Task to carry out |
Each line from the one with "Men wearing olive" through the last line below must be written out exactly. Do not copy pictures.
────────
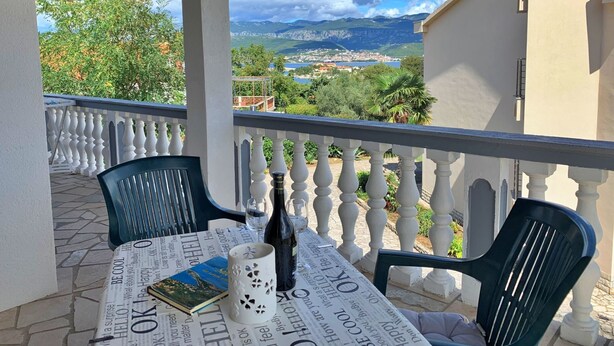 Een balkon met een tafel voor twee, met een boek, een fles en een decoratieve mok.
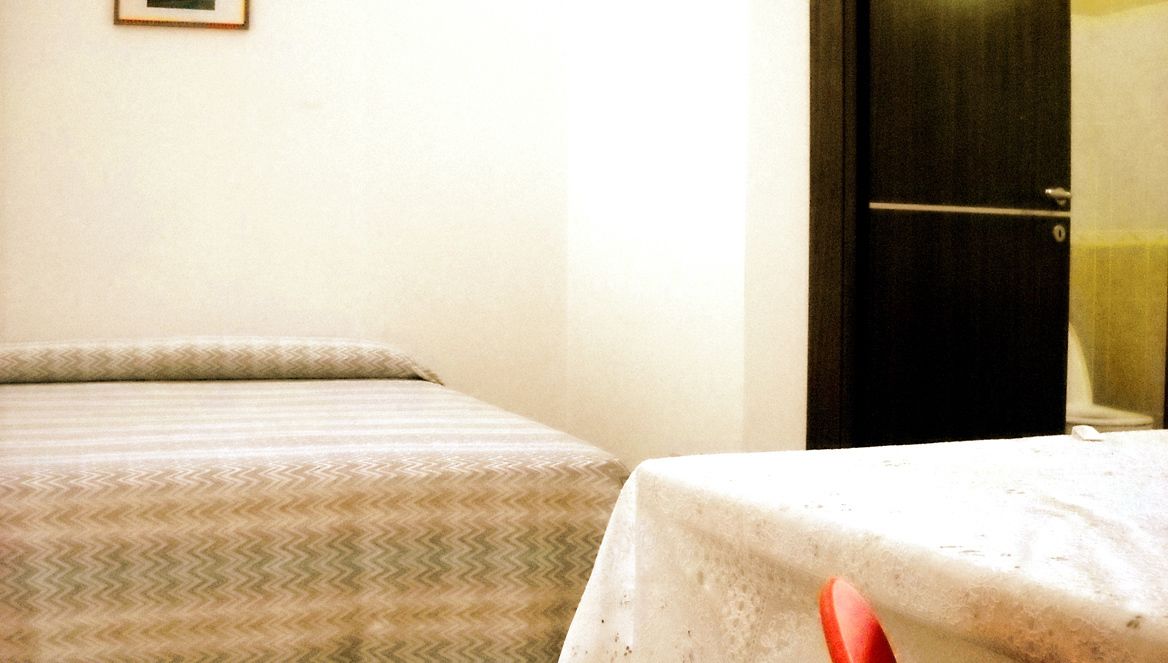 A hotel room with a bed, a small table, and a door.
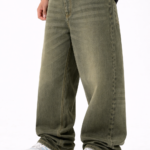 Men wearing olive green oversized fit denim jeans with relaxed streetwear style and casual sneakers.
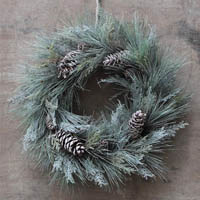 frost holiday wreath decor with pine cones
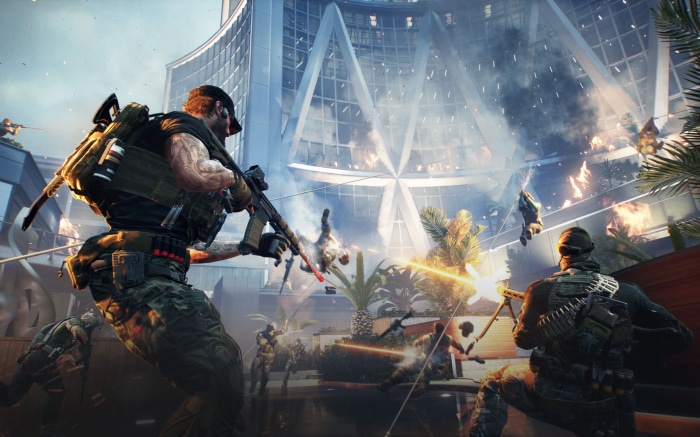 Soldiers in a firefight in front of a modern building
────────
Solution to this problem |
 Men wearing olive green oversized fit denim jeans with relaxed streetwear style and casual sneakers.
 frost holiday wreath decor with pine cones
 Soldiers in a firefight in front of a modern building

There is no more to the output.